* What you are asked to do: Begin at the line below that holds "Produktbild MSI MPG" and end at the line that holds "Christmas Journey: A", transcribing each line exactly and skipping any picture.

* Provided entries:
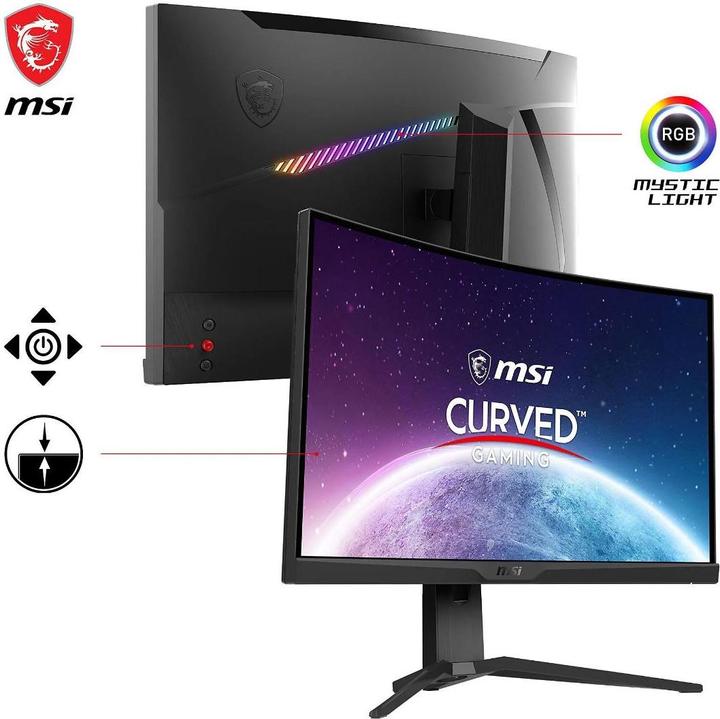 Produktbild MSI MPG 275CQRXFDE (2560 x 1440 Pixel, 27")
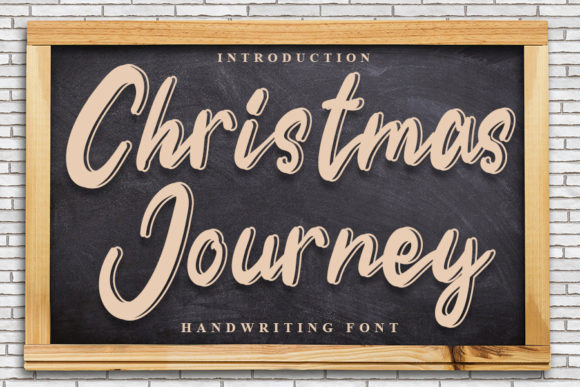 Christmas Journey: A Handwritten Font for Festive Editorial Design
--
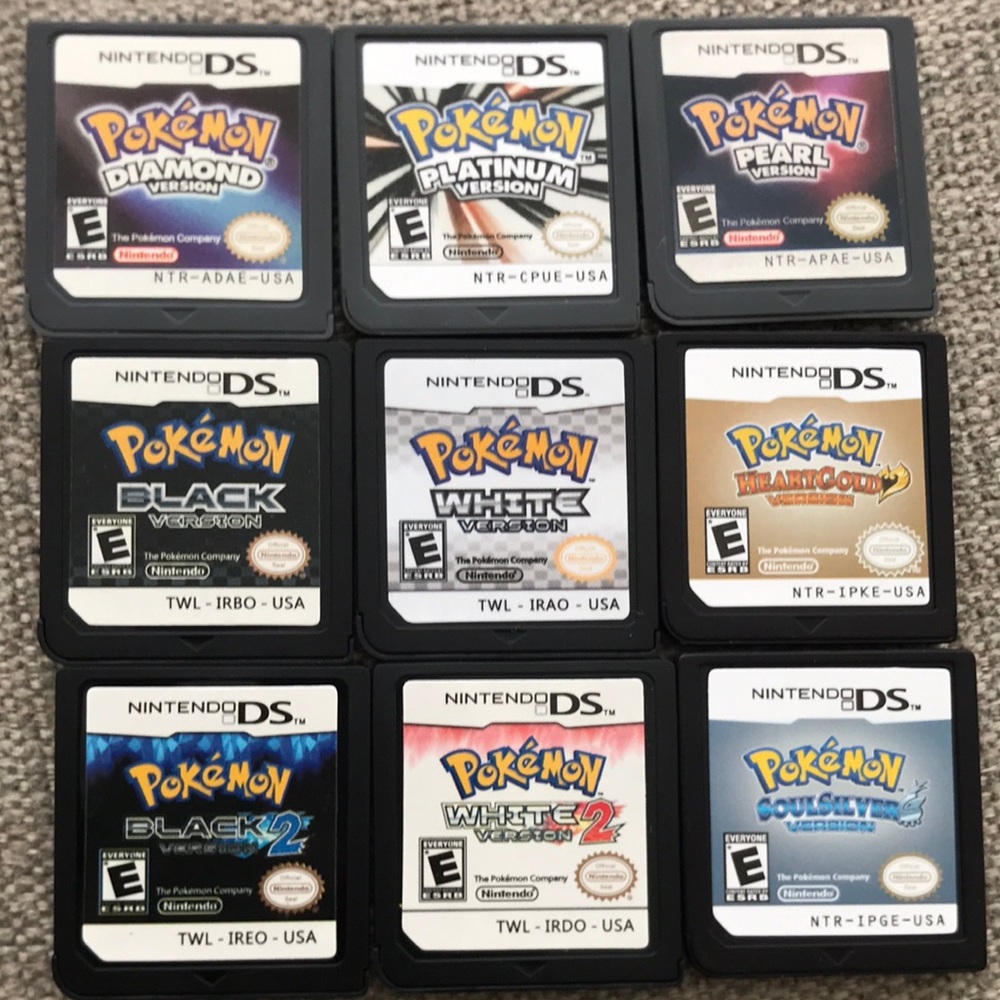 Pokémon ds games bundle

* Result below:
 Produktbild MSI MPG 275CQRXFDE (2560 x 1440 Pixel, 27")
 Christmas Journey: A Handwritten Font for Festive Editorial Design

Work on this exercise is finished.